Exercise prompt:
Give again, exactly as written, the lines of the records below from the line with "New footage of" to the line with "Two children dressed". Both end lines count; pictures do not.
··· Data shown
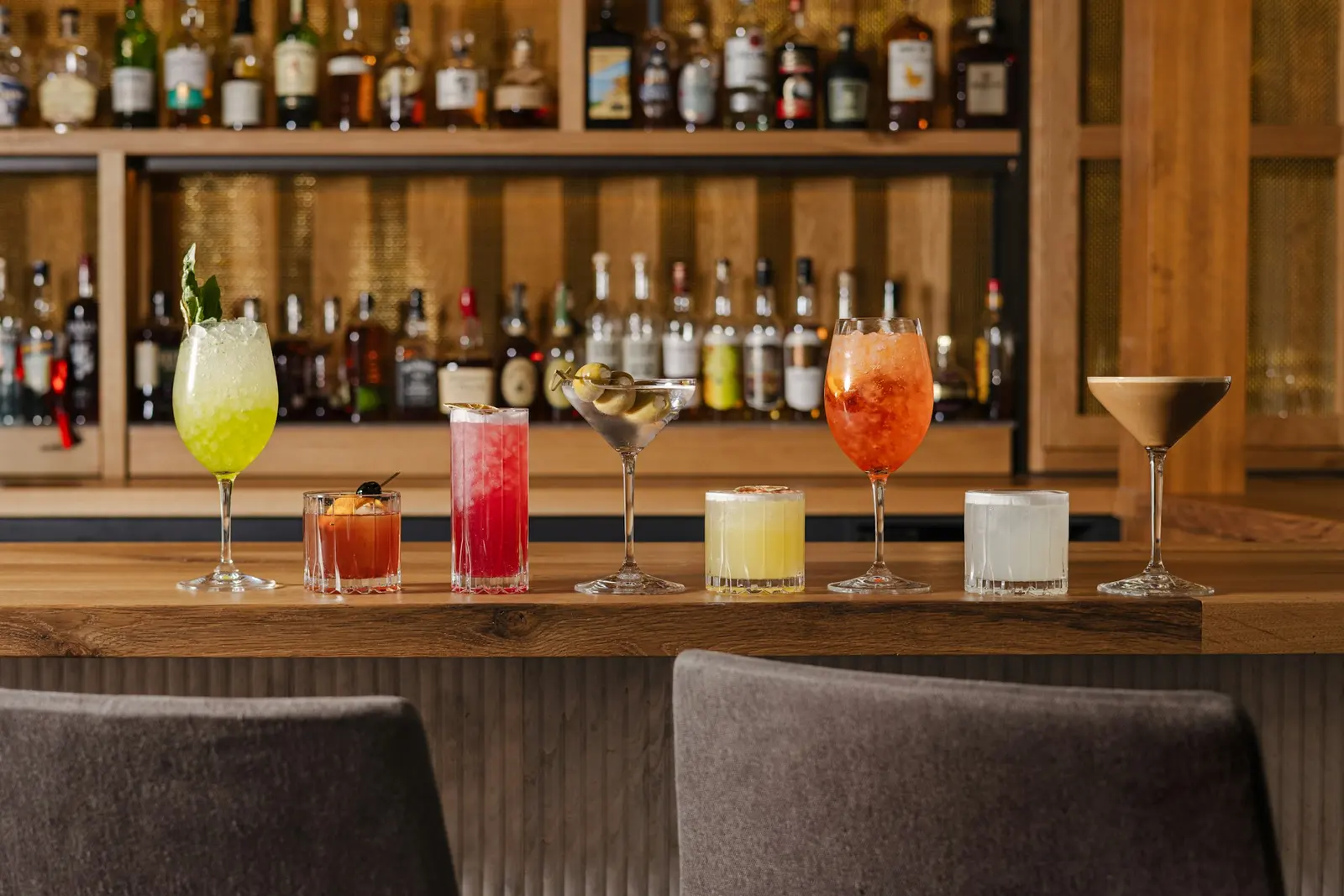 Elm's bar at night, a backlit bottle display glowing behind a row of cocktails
······
··· Data shown
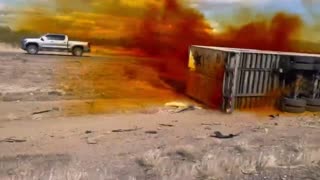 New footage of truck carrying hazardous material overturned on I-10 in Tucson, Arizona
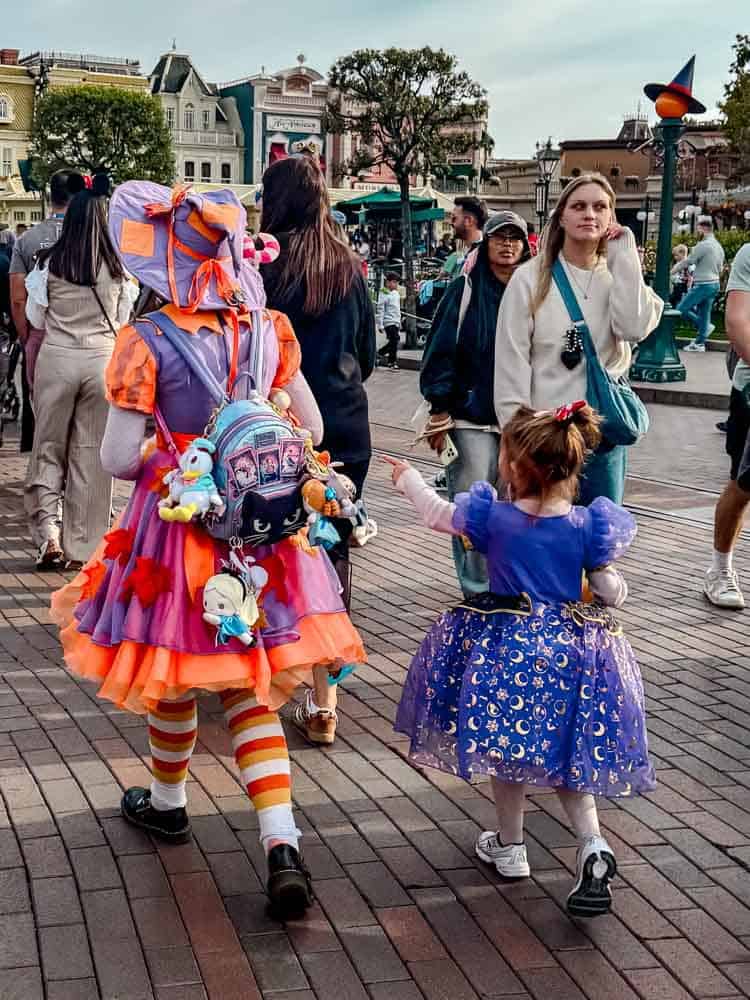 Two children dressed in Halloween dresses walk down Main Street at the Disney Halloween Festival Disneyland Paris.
······
Response:
 New footage of truck carrying hazardous material overturned on I-10 in Tucson, Arizona
 Two children dressed in Halloween dresses walk down Main Street at the Disney Halloween Festival Disneyland Paris.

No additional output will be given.